< Published Thursday, March 26, 1998, in the Miami Herald

CORRESPONDENT'S LETTER
BY JUAN O. TAMAYO

Perceptions can't mask Cuba's ills

In Moscow, it was called the McDonald's Syndrome. In Havana, it might be called the Sherritt Syndrome. By whatever name, it can lead to unpleasant surprises.

It is the tendency of some foreigners to try to gauge events in any hard-to-understand country with the yardsticks they used at home or in other countries.

Thus, when a McDonald's opened in Moscow in 1990, many foreigners hailed it as evidence of success in Soviet efforts to build a capitalist economy on the ruins of communism.

See how Moscow is progressing, many argued. There's Coca-Cola and Mars bars and Pizza Hut and even direct telephone dial to the West.

Foreigners understood, in a fuzzy sort of way, that the empire was dying. That explained the cheap prices, the surplus of hookers, the hundreds of poor who lined up every day under the Kremlin walls to sell an old coat, a pair of boots, a bottle of brandy.
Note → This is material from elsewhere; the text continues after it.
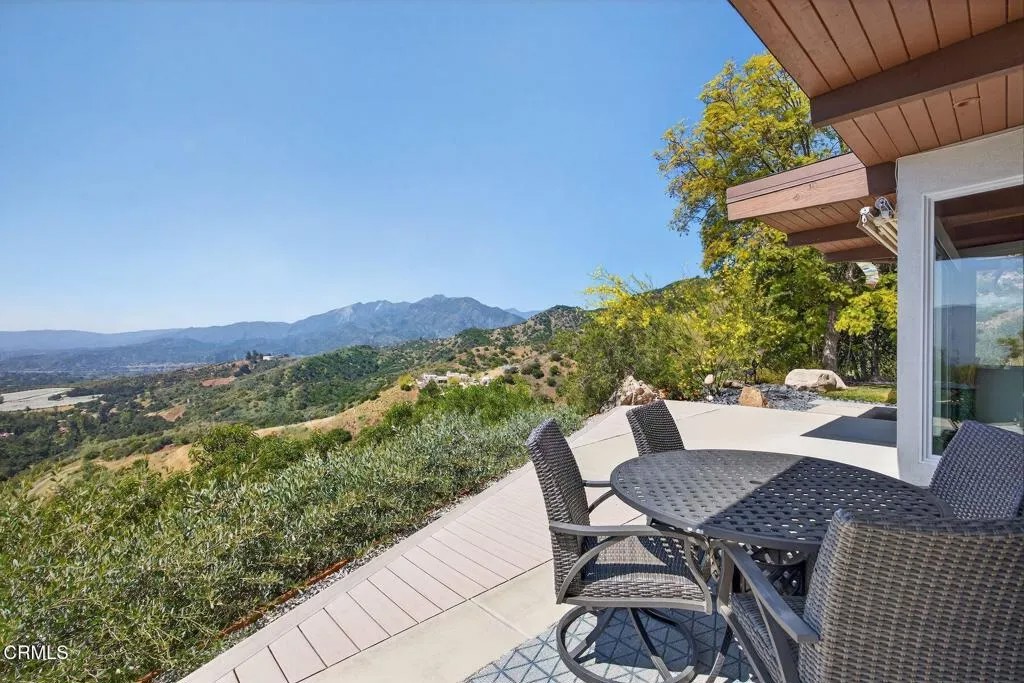 1447 N Foothill Road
But the foreigners knew more about McDonald's. They saw it as a sign of progress, and believed it was time to invest in Russia, to send in young, aggressive scouts to look for business openings.

One Irish correspondent in Moscow was pressed by his newspaper to stop writing so many Moscow-is-collapsing stories. Why not be more upbeat, and write about how Irish beer was now on tap around the corner from the KGB.
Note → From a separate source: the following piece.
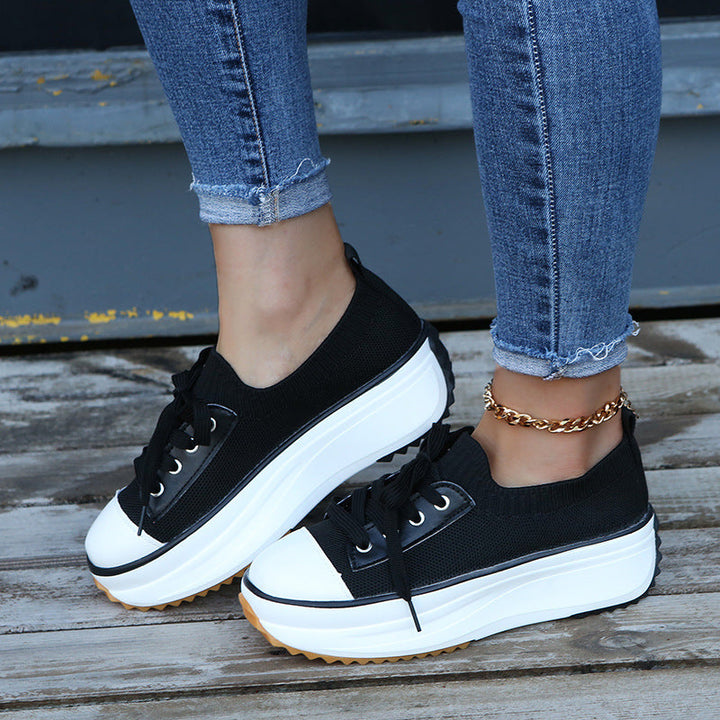 Aloria™ – sneakersy z płóciennej podnoszonej cholewki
His answer, in a message composed during a late-night drinking session: ``Because this country is dying, no matter how many McDonald's it has.''

Sometimes, I wonder if the same gap between outside perception and inside reality also exists in Cuba today.
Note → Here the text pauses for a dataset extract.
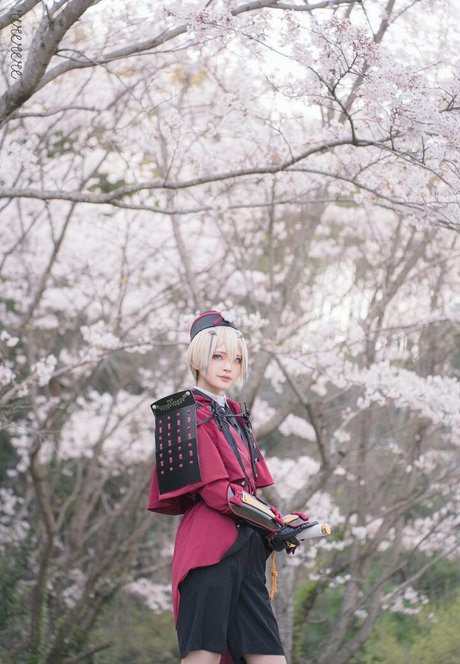 オイルを塗った巨乳オンリーファンズ セクシーヌード 画像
Cuba's official 1998 portrait is one of stability, of slow but real progress after the economy all but collapsed between 1989 and 1994. And all the numbers, whether from Cuban or independent sources, unquestionably support that image.

Yet average Cubans on the island insist that life is bad these days, perhaps worse than ever. The gap in perceptions in Cuba indeed appears to be as huge as it once was in Moscow.

Tourism and mining are booming, and the Toronto-based Sherritt International is leading a pack of foreign investors pumping money into the energy sector, telecommunications, shipyards and other industries.

The Internet has reached Havana, the government's budget deficit is under control, there's direct dial to the United States from major hotels and there are even two fast-food chains, Burgi and Rapido.

So why do so many Cubans say that life is worse, that food is less available and of lower quality than five years ago, that public transportation is again awful after a brief upturn in 1996?

One Miami resident who flew to Cuba this week to visit relatives for the first time in one year said almost everyone she has seen complained that life has gotten tougher, not better, in the past year.

A poll carried out surreptitiously in January by academics in Mexico's University of Guadalajara showed 76 percent of Cubans believed that their lives were worse than in 1993, and 18 percent said they were better.

How to explain the gap?

Perhaps life is in fact improving, and Cubans are simply grousing too much. Perhaps life is indeed improving, but just too slowly for an increasingly exhausted and hopeless people.

And perhaps life is in fact not improving at all. Perhaps all those solid economic numbers and foreign investments are just more mirages, like Pizza Hut by the Kremlin.

In a country as opaque as Russia was then, and Cuba is now, your guess is as good as mine.